The attack complexity is low and no user interaction is required. The privilege requirement is the primary barrier to exploitation, limiting attackers to accounts that already hold elevated database permissions. EPSS data places the probability of observed exploitation at a low level as of May 2026.
Root Cause
The root cause is improper handling of resource allocation within InnoDB request processing paths. The engine fails to bound consumption when processing specific input sequences, allowing a privileged client to drive the server into an unrecoverable state. The condition maps to [CWE-400] Uncontrolled Resource Consumption.
Attack Vector
An attacker authenticates to MySQL Server using a high-privilege account, then sends crafted requests over the network. The request can use any of the protocols supported by the MySQL listener. The server processes the input within InnoDB and either hangs indefinitely or crashes in a manner that repeats on restart if the trigger is replayed.
No verified public exploit code is available for this vulnerability. Refer to the Oracle Security Alert April 2026 for vendor technical details.

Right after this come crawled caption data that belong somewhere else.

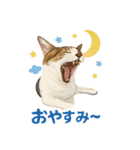 Mukuの家族スタンプ（個別スタンプ：13）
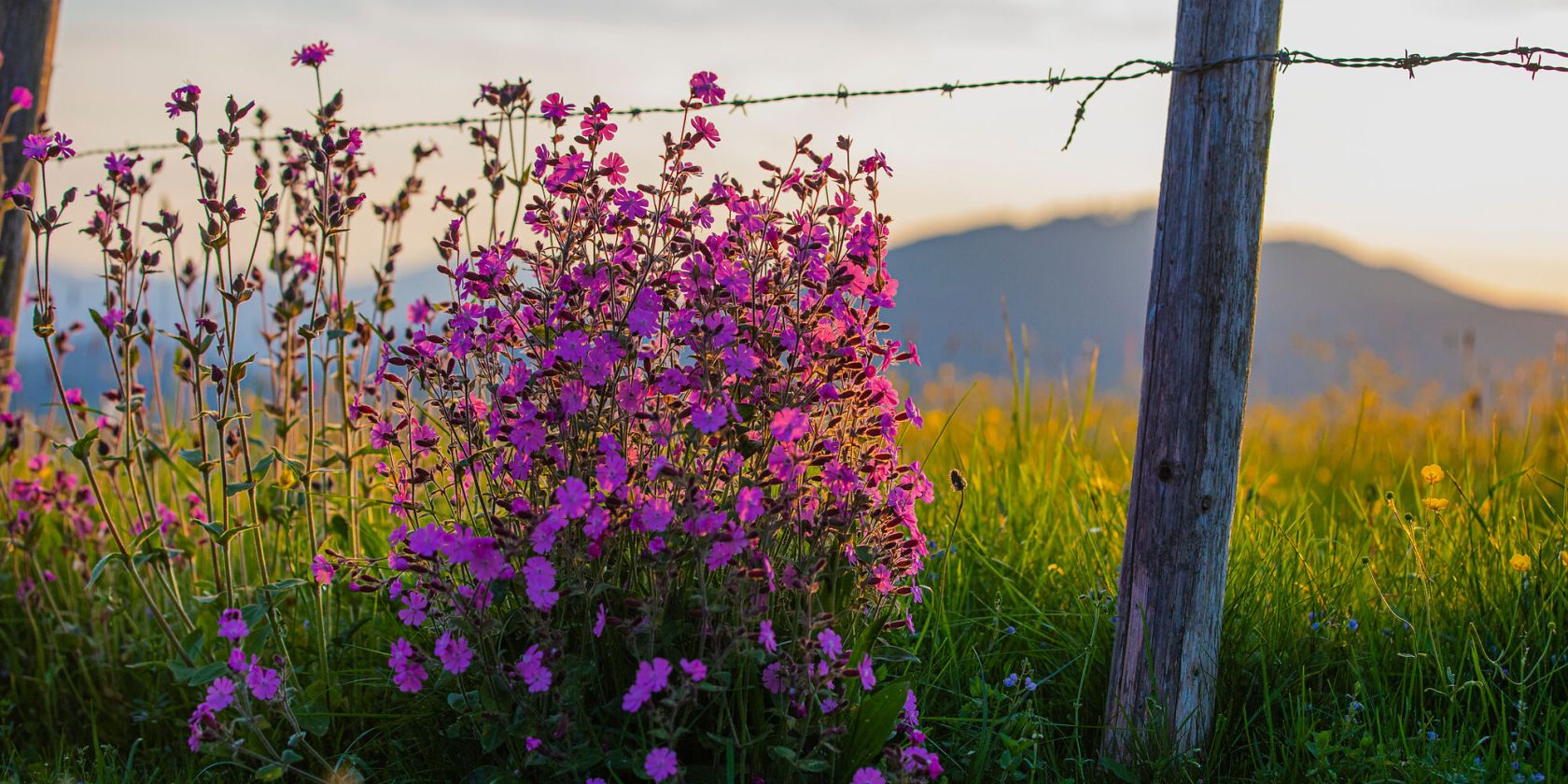 Wildblumen am Wegesrand in Inzell, © Inzeller Touristik GmbH Wildblumen am Wegesrand in Inzell, © Inzeller Touristik GmbH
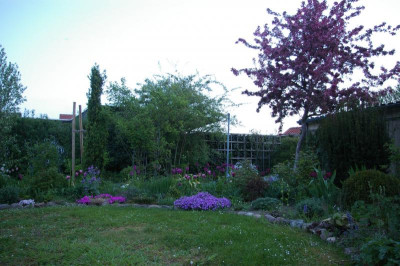 Vorderer Garten 4 2019.001.jpg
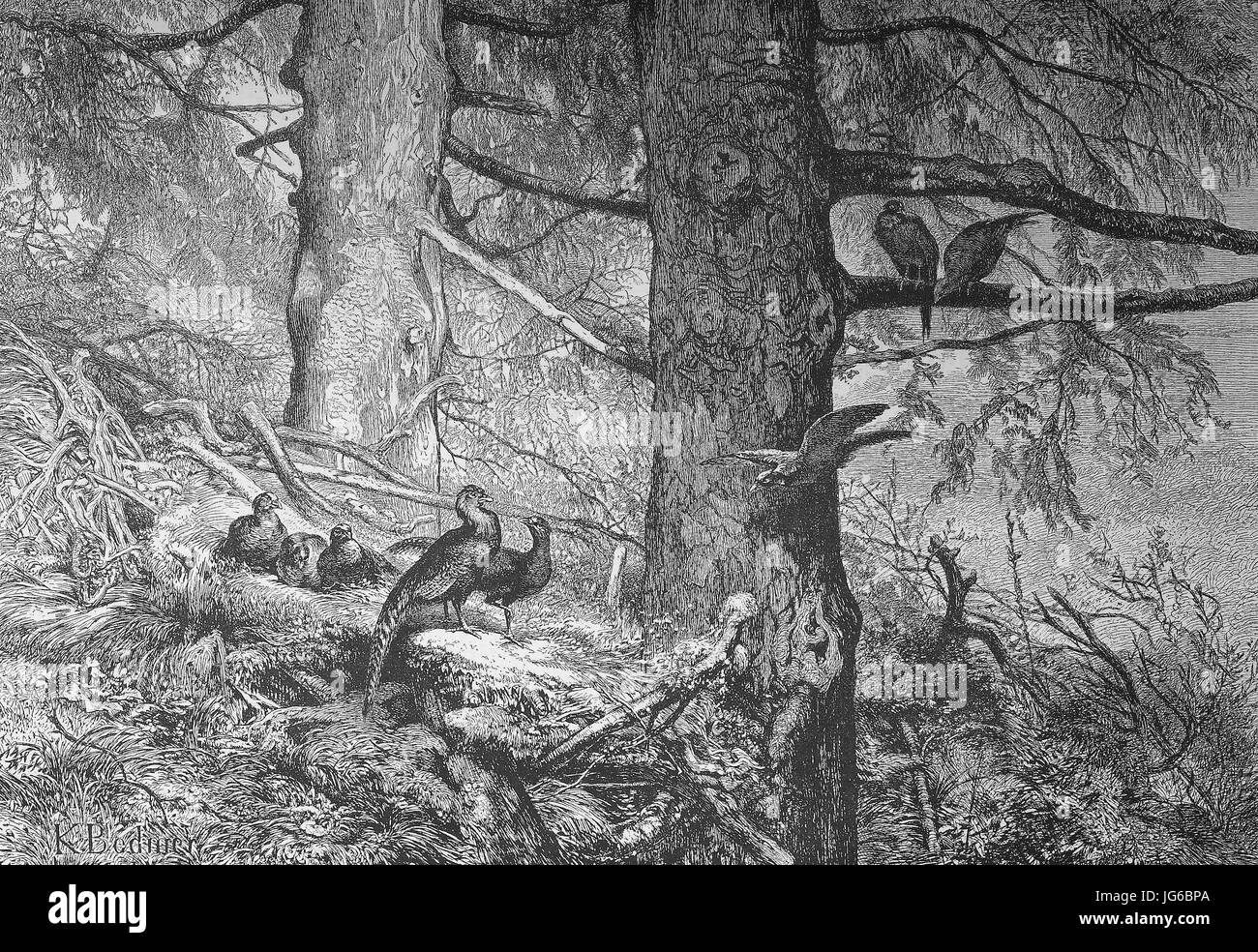 Amélioré : numérique, merle, Phasianus colchicus, dans le bois, l'Allemagne, l'illustration du xixe siècle Banque D'Images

Detection Methods for CVE-2026-34304
Indicators of Compromise
- Unexpected MySQL Server process termination or repeated mysqld restarts with InnoDB-related stack traces in the error log
- Sudden spikes in InnoDB resource utilization (memory, CPU, or I/O wait) followed by server unresponsiveness
- Repeated authenticated sessions from a single high-privileged account immediately preceding a crash
Detection Strategies
- Correlate MySQL error log entries (/var/log/mysql/error.log or platform equivalent) with authentication events to identify which privileged session preceded a crash
- Monitor for repeating crash signatures in mysqld and alert when the same fault pattern occurs more than once within a short window
- Audit privileged MySQL accounts and flag unusual connections from new source addresses or off-hours sessions
Monitoring Recommendations
- Enable the MySQL audit log plugin and forward events to a centralized logging platform for correlation with network telemetry
- Track availability metrics such as connection success rate, query latency, and InnoDB buffer pool health to detect early signs of hangs
- Alert on rapid succession of mysqld restarts which may indicate an attacker replaying the crash trigger
How to Mitigate CVE-2026-34304
Immediate Actions Required
- Apply the Oracle April 2026 Critical Patch Update to all MySQL Server instances running affected versions
- Inventory MySQL accounts with high privileges (SUPER, PROCESS, RELOAD, schema owners) and remove any that are unnecessary
- Restrict network access to MySQL listeners using firewall rules or security groups so only trusted application hosts can connect
Patch Information
Oracle released fixes as part of the Oracle Security Alert April 2026. Administrators should upgrade to a patched release beyond MySQL 8.0.45, 8.4.8, or 9.6.0 as published in the Critical Patch Update advisory.
Workarounds
- Rotate credentials for high-privileged MySQL accounts and enforce strong authentication, including TLS client certificates where supported
- Place MySQL Server behind a database proxy or bastion host that enforces source-address allowlisting for administrative sessions
- Configure systemd or process supervisors to alert (rather than silently restart) on repeated mysqld crashes so operators can investigate
# Restrict MySQL network exposure and review privileged accounts
# 1. Bind MySQL to a private interface in /etc/mysql/my.cnf
[mysqld]
bind-address = 10.0.0.10
# 2. Enumerate accounts with elevated privileges
mysql -e "SELECT user, host FROM mysql.user \
WHERE Super_priv='Y' OR Process_priv='Y' OR Reload_priv='Y';"
# 3. Verify installed version against the April 2026 CPU
mysql --version
Disclaimer: This content was generated using AI. While we strive for accuracy, please verify critical information with official sources.